Materials provided:
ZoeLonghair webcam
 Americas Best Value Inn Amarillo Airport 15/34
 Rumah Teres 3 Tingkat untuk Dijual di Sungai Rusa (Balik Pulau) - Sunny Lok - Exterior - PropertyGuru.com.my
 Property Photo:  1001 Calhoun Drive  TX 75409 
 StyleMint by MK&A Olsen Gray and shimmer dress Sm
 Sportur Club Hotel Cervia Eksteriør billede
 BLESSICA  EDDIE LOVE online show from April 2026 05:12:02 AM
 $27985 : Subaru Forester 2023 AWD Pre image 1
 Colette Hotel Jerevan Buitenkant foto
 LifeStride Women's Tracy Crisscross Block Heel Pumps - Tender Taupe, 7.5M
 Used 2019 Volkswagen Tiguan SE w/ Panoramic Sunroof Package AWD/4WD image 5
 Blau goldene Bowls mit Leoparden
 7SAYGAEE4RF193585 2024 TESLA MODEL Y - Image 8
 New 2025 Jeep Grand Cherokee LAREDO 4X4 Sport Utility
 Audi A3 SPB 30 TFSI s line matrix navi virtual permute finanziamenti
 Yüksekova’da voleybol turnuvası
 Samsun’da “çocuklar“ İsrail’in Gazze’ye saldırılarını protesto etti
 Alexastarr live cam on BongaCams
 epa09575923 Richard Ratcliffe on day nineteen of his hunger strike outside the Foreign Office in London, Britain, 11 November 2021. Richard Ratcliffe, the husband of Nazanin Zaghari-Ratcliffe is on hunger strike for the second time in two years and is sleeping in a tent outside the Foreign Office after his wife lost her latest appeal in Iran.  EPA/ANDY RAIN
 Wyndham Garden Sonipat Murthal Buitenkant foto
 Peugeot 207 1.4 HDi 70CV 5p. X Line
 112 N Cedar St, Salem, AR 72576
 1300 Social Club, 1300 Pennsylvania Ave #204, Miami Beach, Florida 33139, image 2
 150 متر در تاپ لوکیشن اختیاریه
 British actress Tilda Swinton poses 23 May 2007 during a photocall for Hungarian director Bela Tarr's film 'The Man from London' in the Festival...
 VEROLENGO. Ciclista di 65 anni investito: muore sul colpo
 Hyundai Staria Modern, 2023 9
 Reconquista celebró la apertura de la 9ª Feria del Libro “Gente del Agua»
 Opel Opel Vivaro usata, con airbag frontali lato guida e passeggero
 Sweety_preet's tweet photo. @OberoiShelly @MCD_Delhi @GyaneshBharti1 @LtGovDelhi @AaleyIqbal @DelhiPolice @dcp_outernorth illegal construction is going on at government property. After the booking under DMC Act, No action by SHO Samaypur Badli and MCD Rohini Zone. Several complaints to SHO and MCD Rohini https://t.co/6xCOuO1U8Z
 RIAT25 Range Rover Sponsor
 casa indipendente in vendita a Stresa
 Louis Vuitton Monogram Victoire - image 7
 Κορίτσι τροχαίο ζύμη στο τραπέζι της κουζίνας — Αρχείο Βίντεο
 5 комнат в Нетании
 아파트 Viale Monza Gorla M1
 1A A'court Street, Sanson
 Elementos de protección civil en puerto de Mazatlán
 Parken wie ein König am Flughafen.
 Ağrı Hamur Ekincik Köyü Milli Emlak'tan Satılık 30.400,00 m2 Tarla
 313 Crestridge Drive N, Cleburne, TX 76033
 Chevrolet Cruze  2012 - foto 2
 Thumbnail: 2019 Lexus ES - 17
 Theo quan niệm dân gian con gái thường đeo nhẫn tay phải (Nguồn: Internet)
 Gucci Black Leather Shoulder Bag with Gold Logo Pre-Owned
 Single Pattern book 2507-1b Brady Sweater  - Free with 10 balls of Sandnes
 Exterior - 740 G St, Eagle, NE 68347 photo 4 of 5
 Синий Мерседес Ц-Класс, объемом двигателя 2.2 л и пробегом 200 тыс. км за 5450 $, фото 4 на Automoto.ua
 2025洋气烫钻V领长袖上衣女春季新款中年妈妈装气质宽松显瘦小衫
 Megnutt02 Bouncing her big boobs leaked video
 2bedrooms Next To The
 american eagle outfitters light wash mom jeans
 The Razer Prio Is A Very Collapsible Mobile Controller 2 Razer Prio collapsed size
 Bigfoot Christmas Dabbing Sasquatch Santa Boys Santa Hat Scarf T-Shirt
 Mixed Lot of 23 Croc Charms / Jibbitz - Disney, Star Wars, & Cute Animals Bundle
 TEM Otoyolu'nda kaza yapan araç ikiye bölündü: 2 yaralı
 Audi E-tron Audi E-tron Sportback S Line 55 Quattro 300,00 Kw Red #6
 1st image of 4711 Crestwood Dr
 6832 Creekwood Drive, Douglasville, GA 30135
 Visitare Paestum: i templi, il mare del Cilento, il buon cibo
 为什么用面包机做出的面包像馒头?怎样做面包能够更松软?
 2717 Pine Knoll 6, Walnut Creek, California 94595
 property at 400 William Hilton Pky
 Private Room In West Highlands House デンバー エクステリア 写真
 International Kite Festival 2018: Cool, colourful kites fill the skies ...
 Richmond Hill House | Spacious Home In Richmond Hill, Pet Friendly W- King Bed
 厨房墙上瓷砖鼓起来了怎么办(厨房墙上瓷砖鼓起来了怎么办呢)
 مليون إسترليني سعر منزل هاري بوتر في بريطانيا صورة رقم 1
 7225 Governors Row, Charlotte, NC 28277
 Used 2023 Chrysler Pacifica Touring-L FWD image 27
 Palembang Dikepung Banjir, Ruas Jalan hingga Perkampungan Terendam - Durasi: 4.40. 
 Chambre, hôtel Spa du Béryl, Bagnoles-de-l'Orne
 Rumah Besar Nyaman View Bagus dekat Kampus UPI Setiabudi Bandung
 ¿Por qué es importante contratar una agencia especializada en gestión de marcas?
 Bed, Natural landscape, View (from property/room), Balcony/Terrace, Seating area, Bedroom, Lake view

Exercise:
Copy out precisely the lines from the line with "Wyndham Garden Sonipat" to the line with "Opel Opel Vivaro" in the material above, including those two lines and omitting all the rest.

Output for this task:
 Wyndham Garden Sonipat Murthal Buitenkant foto
 Peugeot 207 1.4 HDi 70CV 5p. X Line
 112 N Cedar St, Salem, AR 72576
 1300 Social Club, 1300 Pennsylvania Ave #204, Miami Beach, Florida 33139, image 2
 150 متر در تاپ لوکیشن اختیاریه
 British actress Tilda Swinton poses 23 May 2007 during a photocall for Hungarian director Bela Tarr's film 'The Man from London' in the Festival...
 VEROLENGO. Ciclista di 65 anni investito: muore sul colpo
 Hyundai Staria Modern, 2023 9
 Reconquista celebró la apertura de la 9ª Feria del Libro “Gente del Agua»
 Opel Opel Vivaro usata, con airbag frontali lato guida e passeggero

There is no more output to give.